Have you ever been in a situation where you're stuck on... something, doesn't matter what... to the point where you needed advice? Of course you have. We all have. We're human. We don't know everything. That's the credo around here, remember?
Let me reposition the question. Have you refrained from asking for that advice for fear of how stupid you'd look while asking? Again, I'm sure you have. I have. It's hard to swallow your pride and admit ignorance sometimes. You may also have gotten some general advice saying there's no such thing as a stupid question.
According to a new study [PDF] by Alison Wood Brooks and Francesca Gino of Harvard, and Maurice Schweitzer of Wharton, you would do well to listen to that advice. (Yay, I don't have to warn you about some $30 paywall for once!) You are, according to the study, perceived as looking smarter, not dumber. This is something that the researchers noticed had not been covered very much: not the advice given but the act of asking itself.
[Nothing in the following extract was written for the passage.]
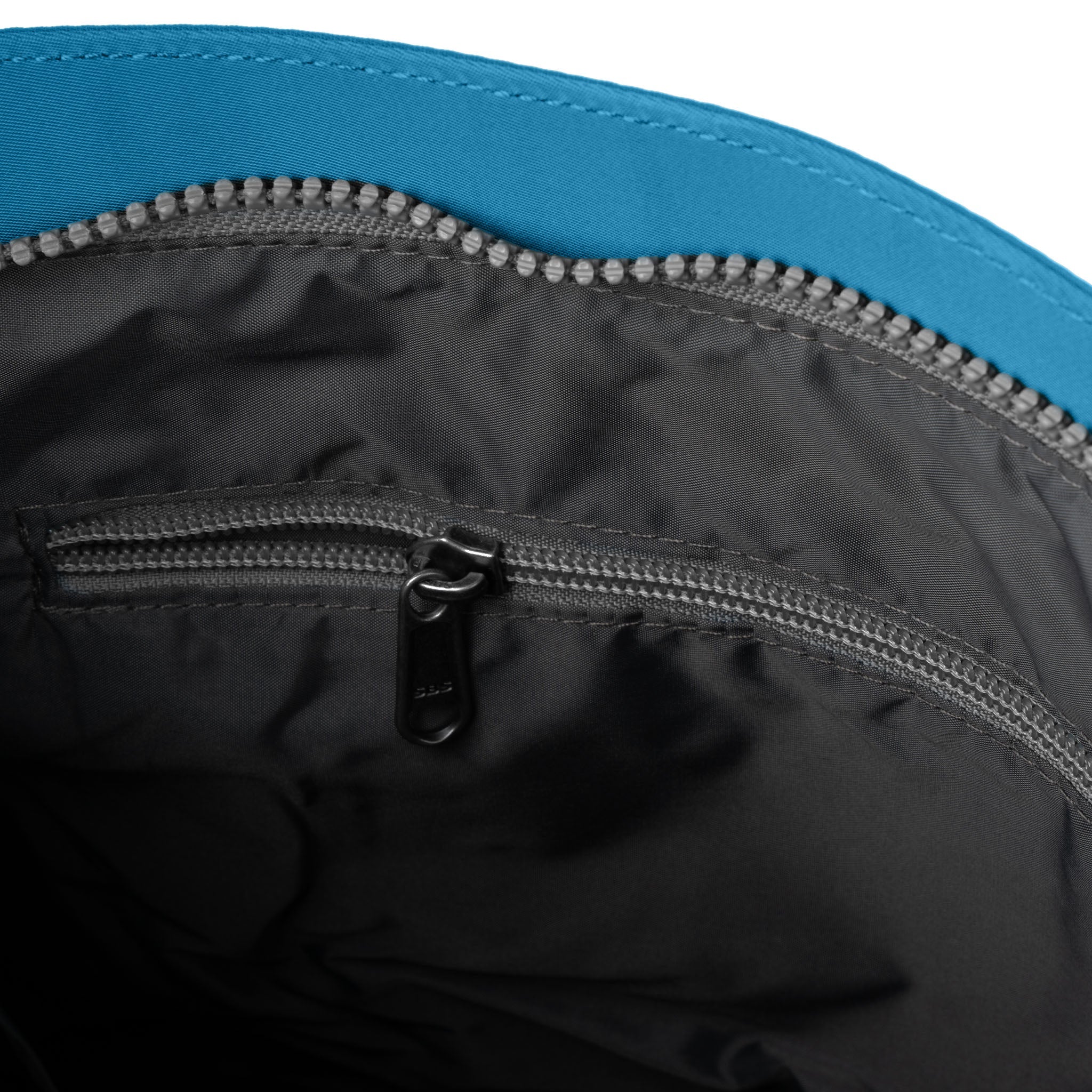 Kennington Crossbody Bag Medium Recycled Nylon - Marine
The study was actually a set of five studies. The first was to prove the hypothesis in the first place, that people are actually afraid of looking dumb. People were asked to imagine a situation at work where they needed to ask help from a coworker, and asked to predict how they'd be looked at by doing so. Proving the hypothesis, respondents thought they'd look dumber.
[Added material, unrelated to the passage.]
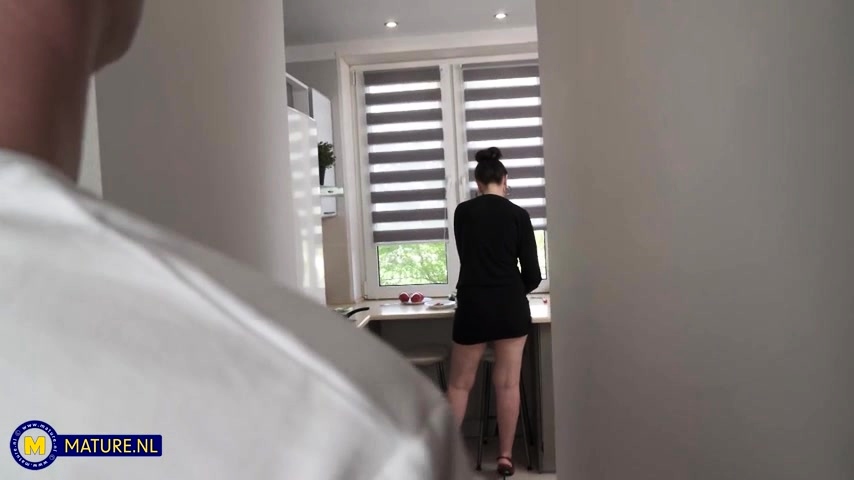 Amateur Milf Isadora Fucks Her Stepson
The second study went about testing that, and there are a couple repetitions here in various permutations, but they all involve the basic setup of people being asked to 'partner' with what they thought was another subject but in fact was a computer controlled by the researchers. They would do brain teasers of various types depending on the specific test, and then their 'partner' would go, but before they did, the subject would either be asked, or not asked, for advice. Then, after the computer, well, gave the performance it was predetermined it would give, the subject would be asked to rate how intelligent they thought their 'partner' was.
The third study measured the difficulty of the task. It worked like Study 2, but in one permutation, subjects were asked to do simple match problems, like adding together 4-digit numbers. In another, they were given a harder task in which they were given a 3x3 grid of decimal numbers and asked to pick out which two of those nine numbers added up to 10. The fourth study was the same thing- using just the add-up-to-10 grid- but the 'partner' was allowed to ask either the subject or 'another participant in the lab'.
The fifth study was done online. After passing some reading and comprehension checks, subjects were asked some biographical information about themselves- where they lived and their competence level on a set of subjects. Then they were told someone else in an imaginary four-person group was asked to do a brain teaser that did not in fact exist. They were either told whether or not the 'partner' had asked them for advice or not- leaving ambiguous whether they'd asked someone else- and if they had, they were either asked about their best subject or their worst.
There are three basic things to note here:
1) People who ask about something difficult are seen as smarter than those who ask about something easy. Or rather, asking about something easy doesn't make you look dumber- you stay about neutral- but you look smarter when asking about something hard.
2) You look smarter to someone when you ask them personally for advice, though asking someone else doesn't actively hurt you. What's happening here is a variation on the concept- and this has been studied as well- that whatever you say about other people. that's how other people look at you. So when you ask someone for advice, what you're effectively saying is that you think they're smart enough to be able to supply that advice, and in return, you get thought of as smart enough to know to come to little old them.
3) You look smarter when you ask an expert than when you ask a non-expert. That's only natural; if you're going to get advice, ask someone who knows what they're doing. You are in fact looked at as dumber if you ask a non-expert, the only part of the study where this is the case, even by the person you're asking ('why would they ask me, I'm clueless'). So if you're going to ask someone, ask someone who knows what they're talking about.
Asking repeatedly was not tested for, so the annoyance factor is left on the table. But go ahead and ask if you don't know something. Just make sure you ask someone who might actually know the answer.